The Organization of Petroleum Exporting Countries and its allies, due to add almost 2 million barrels a day starting January, have warned of a precarious outlook, and increasingly traders have signaled the market can’t absorb the extra barrels.

“If necessary, we can take a decision on further cuts,” Putin said. “But so far we simply see no such need.”

United Front

After two phone calls in a week between Saudi Arabia’s Crown Prince Mohammed Bin Salman and Putin, the countries’ oil ministers displayed a united front at the last OPEC+ meeting. Their top oil officials, Prince Abdulaziz bin Salman and Alexander Novak, offered similarly bearish views and the prince called on the cartel to be “proactive” and ready to “head off negative trends and developments -- to nip them in the bud.”

OPEC+ ministers will debate whether to stick to their tapering plan -- which was decided during the depths of the oil crisis in April -- at a meeting scheduled for Nov. 30-Dec. 1. In July, the group delayed by one month a similar production increase amid doubts about the strength of oil demand.

OPEC+ is a complex yet effective mechanism for stabilizing the global oil market, Putin said. “In this fragmented world, such an approach is really way more fruitful,” he said.
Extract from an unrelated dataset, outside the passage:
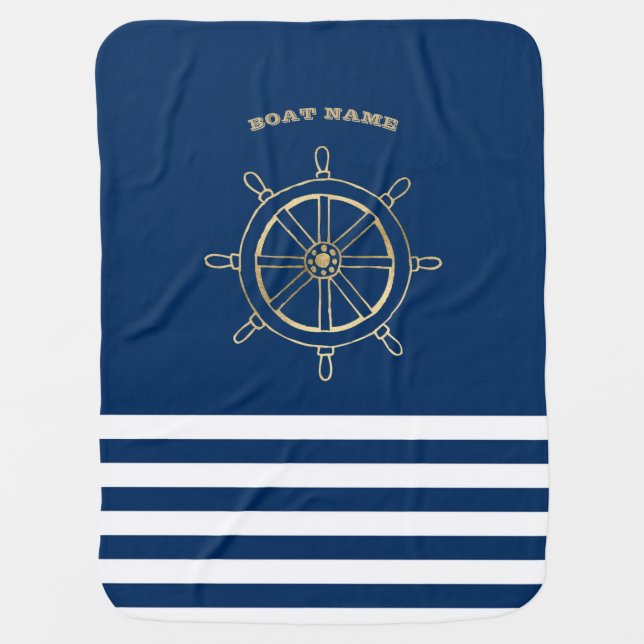 Nautical,Gold Boat Wheel, Navy Blue Stripes   Baby Blanket (Front)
Cooperation within the alliance “not only allows to solve specific problems but also is able to breathe new life into multilateral diplomacy.”

Putin spoke hours after Rosneft PJSC Chief Executive Officer Igor Sechin -- a longtime OPEC+ skeptic -- acknowledged that interactions between energy-producing nations are necessary, and called for action to stabilize the market.

Close Ally

While he didn’t mention OPEC+ by name, Sechin said that the world economy -- and oil consumption -- may start to recover next year, but that “humankind needs to take coordinated actions to achieve such a result.”

Sechin, a close ally of Putin, said in March -- during a price war with Saudi Arabia -- that Russia’s cooperation with OPEC could be over.

Despite Sechin’s opposition to OPEC+, Rosneft has been cutting its crude production in line with the group’s agreement. Russia’s overall compliance with the OPEC+ deal has been at 96% to 97% in the past two months.